Claude Monet, "Lever du soleil", 1873 (Wikimedia Commons)

Qui interroge la souffrance ?

« Si les jeunes prennent à bras le corps des questions que les adultes évitent ». Une contribution de don Massimo Granieri, critique musical et écrivain, et Franco Nembrini de « L’Osservatore Romano » du 27 avril
Massimo Granieri et Franco Nembrini

MASSIMO GRANIERI Une classe du lycée est occupée à faire un devoir donné par le professeur de religion. L’enseignant, don Luigi Giussani, déambulant dans la classe, prend un livre appuyé sur un banc. C’est le Disegno storico della letteratura italiana (Le dessein historique de la littérature italienne ndt) de Natalino Sapegno. L’ouvrant au hasard, il s’arrête à la page 649, consacrée à la poétique léopardienne.
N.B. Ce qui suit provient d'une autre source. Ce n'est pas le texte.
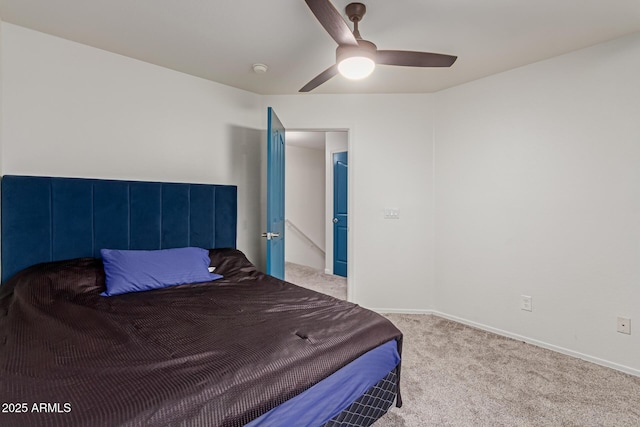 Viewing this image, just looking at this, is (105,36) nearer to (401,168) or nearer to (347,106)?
(347,106)

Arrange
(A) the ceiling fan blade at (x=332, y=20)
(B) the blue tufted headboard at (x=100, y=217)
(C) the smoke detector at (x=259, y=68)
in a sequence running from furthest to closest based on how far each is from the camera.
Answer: (C) the smoke detector at (x=259, y=68), (B) the blue tufted headboard at (x=100, y=217), (A) the ceiling fan blade at (x=332, y=20)

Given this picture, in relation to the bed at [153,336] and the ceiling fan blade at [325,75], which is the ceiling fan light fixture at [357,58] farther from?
the bed at [153,336]

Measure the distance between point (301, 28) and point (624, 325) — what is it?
3.08 meters

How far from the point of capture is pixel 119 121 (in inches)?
98.1

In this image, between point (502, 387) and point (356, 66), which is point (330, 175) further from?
point (502, 387)

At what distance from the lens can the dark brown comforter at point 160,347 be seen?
94 centimetres

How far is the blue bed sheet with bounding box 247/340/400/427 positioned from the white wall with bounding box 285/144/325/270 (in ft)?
14.4

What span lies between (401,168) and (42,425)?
3227mm

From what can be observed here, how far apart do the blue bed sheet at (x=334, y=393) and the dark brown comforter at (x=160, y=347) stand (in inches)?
1.6

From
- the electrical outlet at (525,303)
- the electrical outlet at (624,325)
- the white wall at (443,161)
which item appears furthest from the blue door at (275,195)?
the electrical outlet at (624,325)

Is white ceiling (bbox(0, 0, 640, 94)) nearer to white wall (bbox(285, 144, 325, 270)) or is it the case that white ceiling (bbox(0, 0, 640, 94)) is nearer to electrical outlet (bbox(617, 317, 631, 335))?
electrical outlet (bbox(617, 317, 631, 335))

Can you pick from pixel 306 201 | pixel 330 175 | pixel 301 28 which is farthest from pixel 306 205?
pixel 301 28

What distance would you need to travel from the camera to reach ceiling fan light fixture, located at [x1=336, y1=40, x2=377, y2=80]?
173cm

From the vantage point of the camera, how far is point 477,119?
302 centimetres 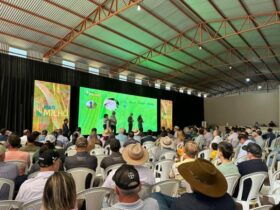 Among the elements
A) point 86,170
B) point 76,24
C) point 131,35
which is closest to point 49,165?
point 86,170

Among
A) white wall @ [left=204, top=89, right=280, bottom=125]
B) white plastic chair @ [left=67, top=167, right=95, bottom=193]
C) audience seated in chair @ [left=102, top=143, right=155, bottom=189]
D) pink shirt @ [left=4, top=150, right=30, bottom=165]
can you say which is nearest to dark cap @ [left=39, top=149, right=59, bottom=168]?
audience seated in chair @ [left=102, top=143, right=155, bottom=189]

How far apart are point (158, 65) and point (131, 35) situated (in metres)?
5.13

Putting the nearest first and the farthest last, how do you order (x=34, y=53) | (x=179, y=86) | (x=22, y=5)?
(x=22, y=5) < (x=34, y=53) < (x=179, y=86)

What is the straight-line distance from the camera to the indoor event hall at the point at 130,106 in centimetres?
225

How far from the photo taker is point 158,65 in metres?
18.1

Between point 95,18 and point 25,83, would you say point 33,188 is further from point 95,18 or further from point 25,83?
point 25,83

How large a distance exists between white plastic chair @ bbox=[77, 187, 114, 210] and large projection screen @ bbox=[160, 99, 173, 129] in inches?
684

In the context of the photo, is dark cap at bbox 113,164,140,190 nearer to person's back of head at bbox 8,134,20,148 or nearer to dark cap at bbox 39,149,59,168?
dark cap at bbox 39,149,59,168

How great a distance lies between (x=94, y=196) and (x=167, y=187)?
32.4 inches

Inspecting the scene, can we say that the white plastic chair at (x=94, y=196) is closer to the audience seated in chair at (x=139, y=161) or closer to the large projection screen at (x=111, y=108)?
the audience seated in chair at (x=139, y=161)

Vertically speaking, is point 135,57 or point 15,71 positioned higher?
point 135,57

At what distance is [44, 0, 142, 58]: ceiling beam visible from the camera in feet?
33.8

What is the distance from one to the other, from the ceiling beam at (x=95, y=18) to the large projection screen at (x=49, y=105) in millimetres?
1840

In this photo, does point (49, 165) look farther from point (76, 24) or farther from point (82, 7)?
point (76, 24) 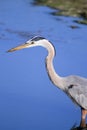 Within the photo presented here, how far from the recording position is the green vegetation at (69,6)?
44.4 feet

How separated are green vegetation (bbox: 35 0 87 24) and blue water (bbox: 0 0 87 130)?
1.43 ft

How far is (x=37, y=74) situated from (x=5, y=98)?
1.10 m

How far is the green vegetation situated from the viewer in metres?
13.5

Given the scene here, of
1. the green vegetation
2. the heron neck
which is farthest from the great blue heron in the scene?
the green vegetation

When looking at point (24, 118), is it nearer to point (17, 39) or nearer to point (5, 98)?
point (5, 98)

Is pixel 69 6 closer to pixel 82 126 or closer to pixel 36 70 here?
pixel 36 70

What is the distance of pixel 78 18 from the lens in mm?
12930

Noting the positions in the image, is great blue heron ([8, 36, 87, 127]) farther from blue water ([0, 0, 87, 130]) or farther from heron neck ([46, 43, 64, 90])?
blue water ([0, 0, 87, 130])

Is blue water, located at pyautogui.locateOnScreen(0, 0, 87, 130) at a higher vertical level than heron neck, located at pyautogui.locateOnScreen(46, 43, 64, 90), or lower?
lower

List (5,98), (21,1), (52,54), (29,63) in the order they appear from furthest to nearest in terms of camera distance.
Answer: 1. (21,1)
2. (29,63)
3. (5,98)
4. (52,54)

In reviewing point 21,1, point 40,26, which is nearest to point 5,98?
point 40,26

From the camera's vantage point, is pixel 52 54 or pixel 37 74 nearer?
pixel 52 54

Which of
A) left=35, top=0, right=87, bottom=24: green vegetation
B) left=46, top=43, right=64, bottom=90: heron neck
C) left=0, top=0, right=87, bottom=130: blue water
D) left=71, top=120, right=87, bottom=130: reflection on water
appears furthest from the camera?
left=35, top=0, right=87, bottom=24: green vegetation

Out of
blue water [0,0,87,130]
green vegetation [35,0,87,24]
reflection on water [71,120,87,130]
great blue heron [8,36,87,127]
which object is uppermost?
great blue heron [8,36,87,127] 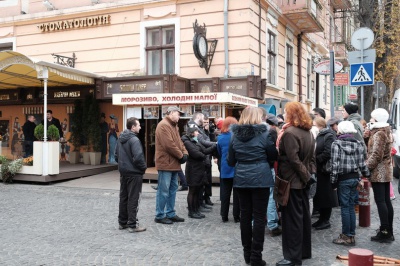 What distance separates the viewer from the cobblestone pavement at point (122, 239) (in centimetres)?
525

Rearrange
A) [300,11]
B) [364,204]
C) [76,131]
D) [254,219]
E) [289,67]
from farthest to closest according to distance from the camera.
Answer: [289,67], [300,11], [76,131], [364,204], [254,219]

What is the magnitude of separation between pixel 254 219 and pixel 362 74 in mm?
4920

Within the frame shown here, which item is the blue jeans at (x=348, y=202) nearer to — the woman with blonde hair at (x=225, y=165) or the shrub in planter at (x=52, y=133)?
the woman with blonde hair at (x=225, y=165)

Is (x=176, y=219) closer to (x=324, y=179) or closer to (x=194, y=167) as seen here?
(x=194, y=167)

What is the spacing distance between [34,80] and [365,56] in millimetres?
10527

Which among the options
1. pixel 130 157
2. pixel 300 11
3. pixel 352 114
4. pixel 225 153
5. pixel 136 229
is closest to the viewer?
pixel 136 229

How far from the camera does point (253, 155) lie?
196 inches

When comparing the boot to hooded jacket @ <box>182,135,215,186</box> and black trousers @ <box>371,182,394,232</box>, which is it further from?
black trousers @ <box>371,182,394,232</box>

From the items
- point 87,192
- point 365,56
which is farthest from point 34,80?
point 365,56

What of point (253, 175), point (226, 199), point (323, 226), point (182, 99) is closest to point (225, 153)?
point (226, 199)

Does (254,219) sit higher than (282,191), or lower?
lower

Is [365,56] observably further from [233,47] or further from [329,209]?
[233,47]

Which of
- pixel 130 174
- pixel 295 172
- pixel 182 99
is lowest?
pixel 130 174

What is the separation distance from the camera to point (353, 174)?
19.0ft
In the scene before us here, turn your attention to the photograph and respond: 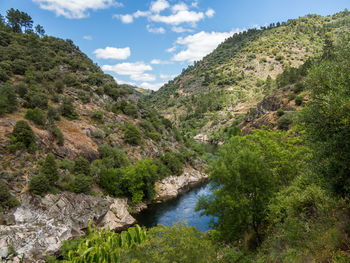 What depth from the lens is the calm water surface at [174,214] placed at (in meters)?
31.9

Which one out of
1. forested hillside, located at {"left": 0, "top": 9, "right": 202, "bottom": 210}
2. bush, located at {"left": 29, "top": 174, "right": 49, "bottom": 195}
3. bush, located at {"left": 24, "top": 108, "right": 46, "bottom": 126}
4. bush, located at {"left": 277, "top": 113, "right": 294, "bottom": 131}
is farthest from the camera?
bush, located at {"left": 277, "top": 113, "right": 294, "bottom": 131}

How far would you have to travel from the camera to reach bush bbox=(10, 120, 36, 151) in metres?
27.6

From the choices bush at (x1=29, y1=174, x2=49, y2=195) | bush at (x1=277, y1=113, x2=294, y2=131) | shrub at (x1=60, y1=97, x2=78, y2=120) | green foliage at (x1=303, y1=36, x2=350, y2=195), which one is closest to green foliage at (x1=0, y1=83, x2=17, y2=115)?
shrub at (x1=60, y1=97, x2=78, y2=120)

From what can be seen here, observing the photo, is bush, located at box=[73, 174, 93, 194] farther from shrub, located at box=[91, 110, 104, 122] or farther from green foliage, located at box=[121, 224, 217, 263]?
shrub, located at box=[91, 110, 104, 122]

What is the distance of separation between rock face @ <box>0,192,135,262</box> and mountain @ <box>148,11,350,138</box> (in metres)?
80.9

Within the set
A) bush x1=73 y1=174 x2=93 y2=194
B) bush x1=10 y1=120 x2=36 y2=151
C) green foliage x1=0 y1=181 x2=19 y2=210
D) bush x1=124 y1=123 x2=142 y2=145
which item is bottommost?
bush x1=73 y1=174 x2=93 y2=194

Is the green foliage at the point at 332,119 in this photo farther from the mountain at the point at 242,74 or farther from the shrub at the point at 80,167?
the mountain at the point at 242,74

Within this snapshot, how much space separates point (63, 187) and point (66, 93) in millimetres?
28404

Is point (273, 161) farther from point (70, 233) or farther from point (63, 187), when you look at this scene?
point (63, 187)

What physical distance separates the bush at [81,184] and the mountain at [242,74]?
80612mm

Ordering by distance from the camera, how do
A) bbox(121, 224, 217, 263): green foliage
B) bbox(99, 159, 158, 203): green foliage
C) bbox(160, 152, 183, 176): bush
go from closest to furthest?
bbox(121, 224, 217, 263): green foliage < bbox(99, 159, 158, 203): green foliage < bbox(160, 152, 183, 176): bush

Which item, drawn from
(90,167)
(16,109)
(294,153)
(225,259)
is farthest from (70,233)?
(294,153)

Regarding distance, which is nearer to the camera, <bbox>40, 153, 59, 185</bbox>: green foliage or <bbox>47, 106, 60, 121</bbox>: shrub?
<bbox>40, 153, 59, 185</bbox>: green foliage

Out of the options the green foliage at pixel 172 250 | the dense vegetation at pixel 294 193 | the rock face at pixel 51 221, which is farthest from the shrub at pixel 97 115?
the green foliage at pixel 172 250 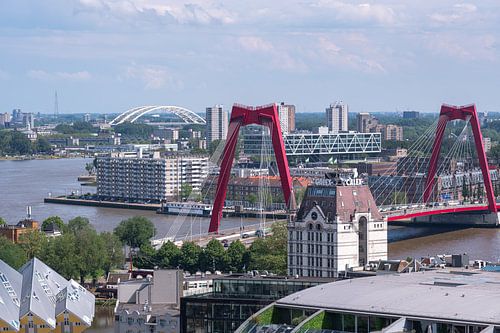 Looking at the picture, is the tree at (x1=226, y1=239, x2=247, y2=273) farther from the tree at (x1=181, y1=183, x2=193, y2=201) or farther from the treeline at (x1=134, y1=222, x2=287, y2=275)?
the tree at (x1=181, y1=183, x2=193, y2=201)

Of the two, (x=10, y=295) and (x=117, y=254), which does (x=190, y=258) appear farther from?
(x=10, y=295)

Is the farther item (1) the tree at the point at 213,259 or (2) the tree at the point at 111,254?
(2) the tree at the point at 111,254

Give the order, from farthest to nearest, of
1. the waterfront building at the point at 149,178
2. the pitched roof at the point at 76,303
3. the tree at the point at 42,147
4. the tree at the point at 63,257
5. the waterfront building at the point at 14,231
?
the tree at the point at 42,147 → the waterfront building at the point at 149,178 → the waterfront building at the point at 14,231 → the tree at the point at 63,257 → the pitched roof at the point at 76,303

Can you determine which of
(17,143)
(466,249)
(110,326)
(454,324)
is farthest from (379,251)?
(17,143)

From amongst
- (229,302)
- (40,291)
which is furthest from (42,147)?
(229,302)

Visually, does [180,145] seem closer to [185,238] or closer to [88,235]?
[185,238]

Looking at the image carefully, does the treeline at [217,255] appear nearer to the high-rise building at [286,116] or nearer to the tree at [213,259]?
the tree at [213,259]

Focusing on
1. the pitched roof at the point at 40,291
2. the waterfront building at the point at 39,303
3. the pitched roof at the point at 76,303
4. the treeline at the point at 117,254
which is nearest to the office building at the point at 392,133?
the treeline at the point at 117,254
Trente secondes plus tard, il ordonne aux élèves de s’arrêter et lit à voix haute quelques lignes : « Les questions qui résument la velléité de réflexion confuse et indifférenciée des adolescents, leur philosophie sommaire et primitive (qu’est-ce-que la vie ? à quoi sert-elle ? quel est le but de l’univers ? et pourquoi la souffrance ?) Toutes questions que le philosophe authentique et adulte éloigne de lui parce qu’absurdes… ». L’enseignant demande à ses étudiants si, avec leur prétention, toute leur volonté d’autonomie, ils lisent ces choses et les acceptent sans coup férir, comme qui boit un verre d’eau (cfr.L.Giussani, Il senso religioso,-Le sens religieux ndt- Rizzoli, Milano 2022, p.80)

J’ai proposé à l’école les questions définies comme « absurdes » par Sapegno, en imitant les intentions de don Luigi : encourager les élèves à chercher le sens de toute chose, en dépit des tentatives des adultes pour éteindre à peine éclose toute question parce qu’elle est dépourvue de sens. Les Baustelle le chantent avec cynisme dans l’extrait Il regno dei cieli : « Le règne des cieux est la brume qui couvre l’identité de l’absent / Elle nous cache les preuves que la vie de l’homme est insignifiante / Elle nous protège du néant ». Vasco Rossi dans la chanson Il senso nous assure en revanche que la réponse arrivera : « Je veux trouver un sens à cette vie / même si cette vie n’a pas de sens / Tu sais ce que je pense ? / Que si elle n'a pas de sens / Demain viendra de toute façon ».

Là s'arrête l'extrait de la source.